Swimming lessons in Bangladesh made law to stop drownings

Children play in the Turag river on the outskirts of Dhaka (file)

Many children in Bangladesh drown in waterways near their homes

The government of Bangladesh has made swimming lessons compulsory in schools, to reduce the number of children who drown in the country’s many waterways.

According to UN figures, about 18,000 children between five and 17 die each year because they cannot swim.

The education ministry says rural ponds and lakes will be made suitable for lessons and university pools opened up.

But some say the directive will be hard to implement because of a lack of pools in urban areas.

Drowning has been described as a hidden epidemic in Bangladesh, one of the most densely populated countries in the world and situated in the low-lying Ganges River delta.

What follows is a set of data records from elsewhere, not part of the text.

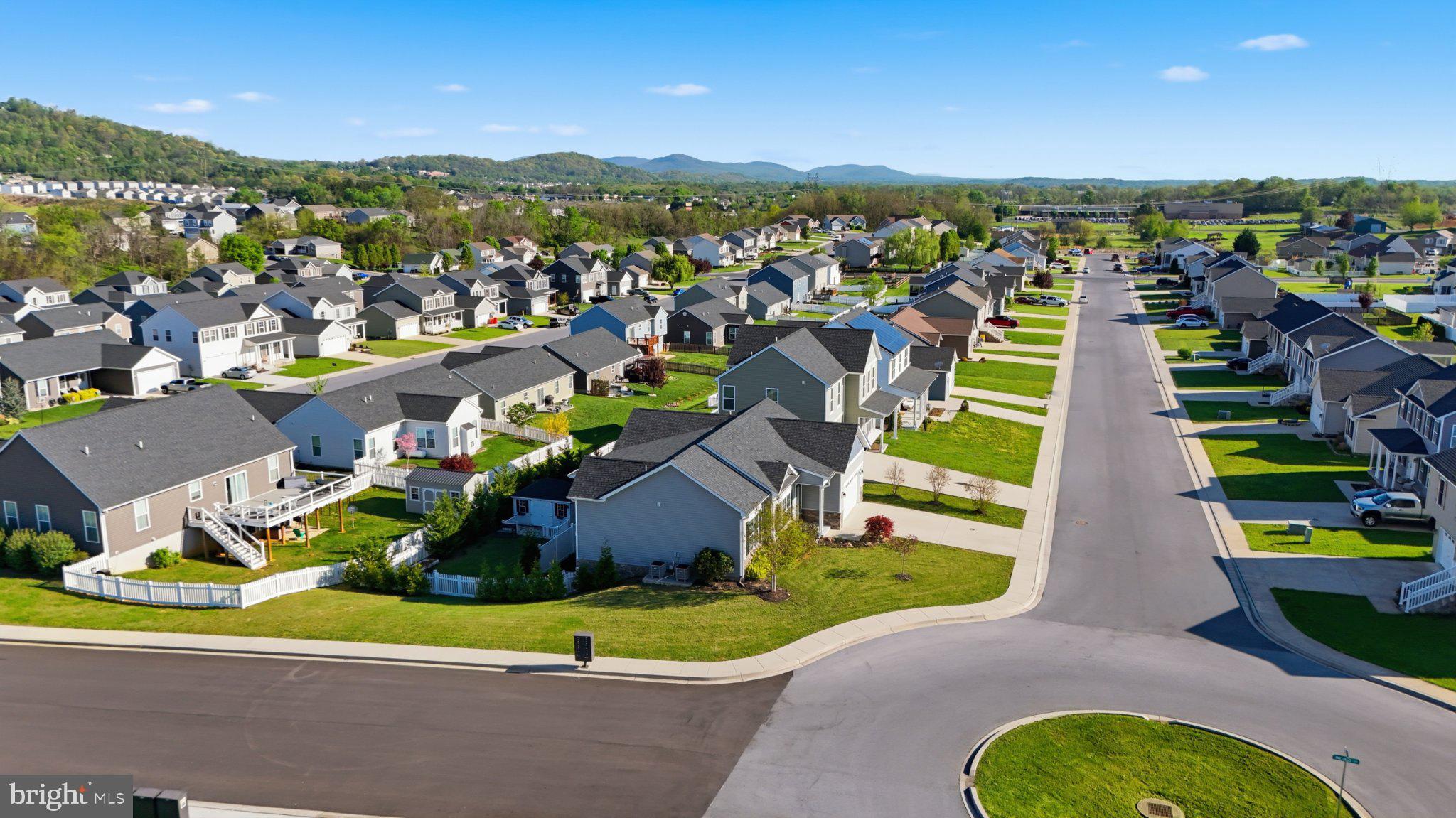 RED HILL - Residential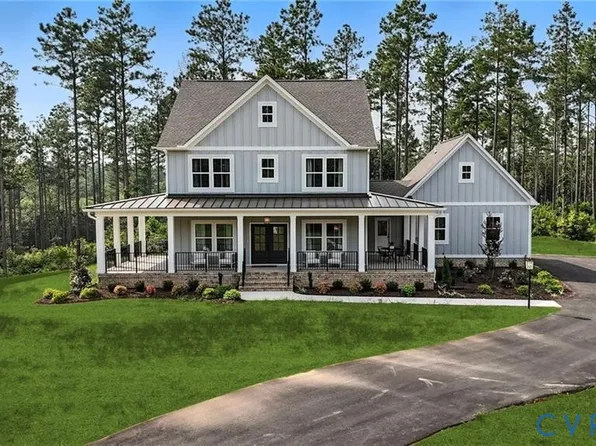 9090 River Bridge Dr, Quinton, VA 23141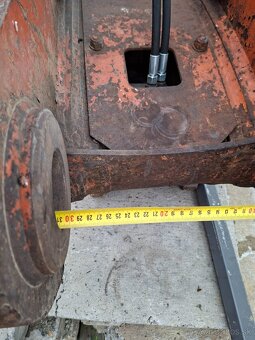 Rychloupinac JCB JS - 4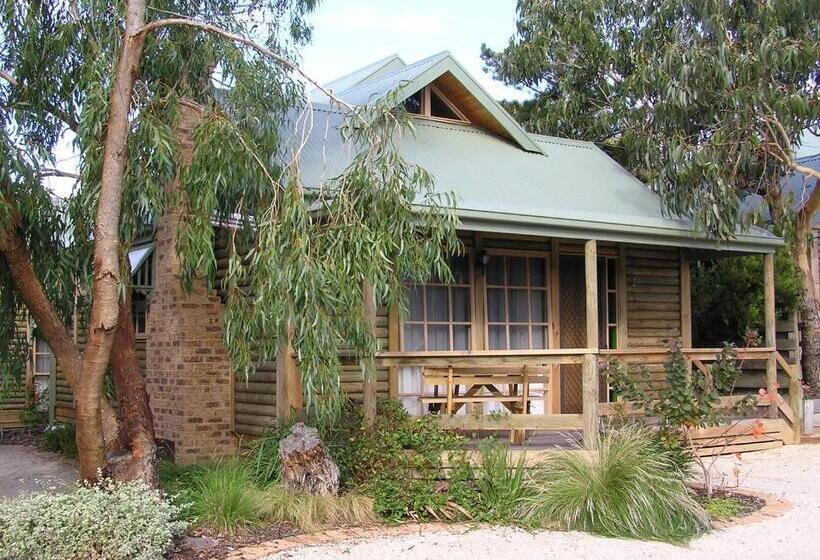 בקתה, Ti Tree Village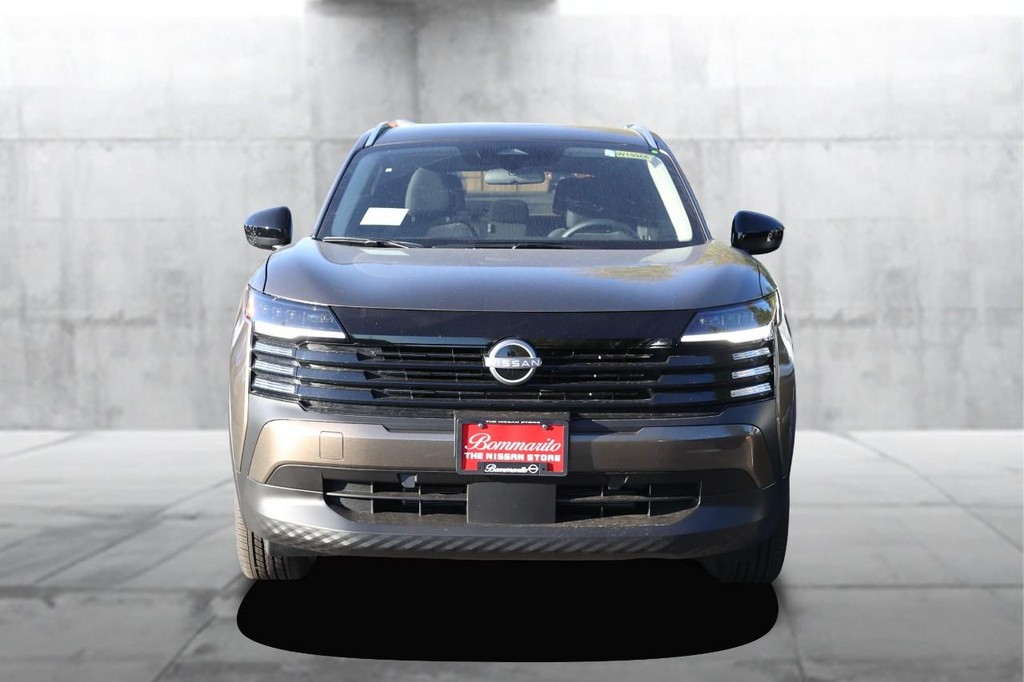 Nissan Kicks Vehicle Image 04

The victims are mostly children from poor sections of society who live close to major rivers, ponds and lakes.

Ponds are the main bathing place for more than two-thirds of the country’s 160 million people.

Education Secretary Nazrul Islam Khan told AFP news agency that an average of 48 people drown every day in Bangladesh.

“It’s a huge figure, which is 20 times higher than Australia,” he said.

He said one in four deaths of children under four was caused by drowning.

The BBC understands the government is to ask schools to provide monthly progress reports.

Experts say the country has been successful in preventing child deaths caused by diarrhoea and other diseases but drownings have not attracted as much attention.

BBC Bangla’s Sabir Mustafa says that children in rural Bangladesh grow up with water all around them and learn to swim from an early age, but children in urban areas, particularly the large cities, often have very little to do with water.

He says that the directive will be hard to implement because there are too few swimming pools in towns and cities.

He says there is an acute shortage of playgrounds in general, particularly in the biggest city Dhaka, and in many areas ponds and lakes have been filled up.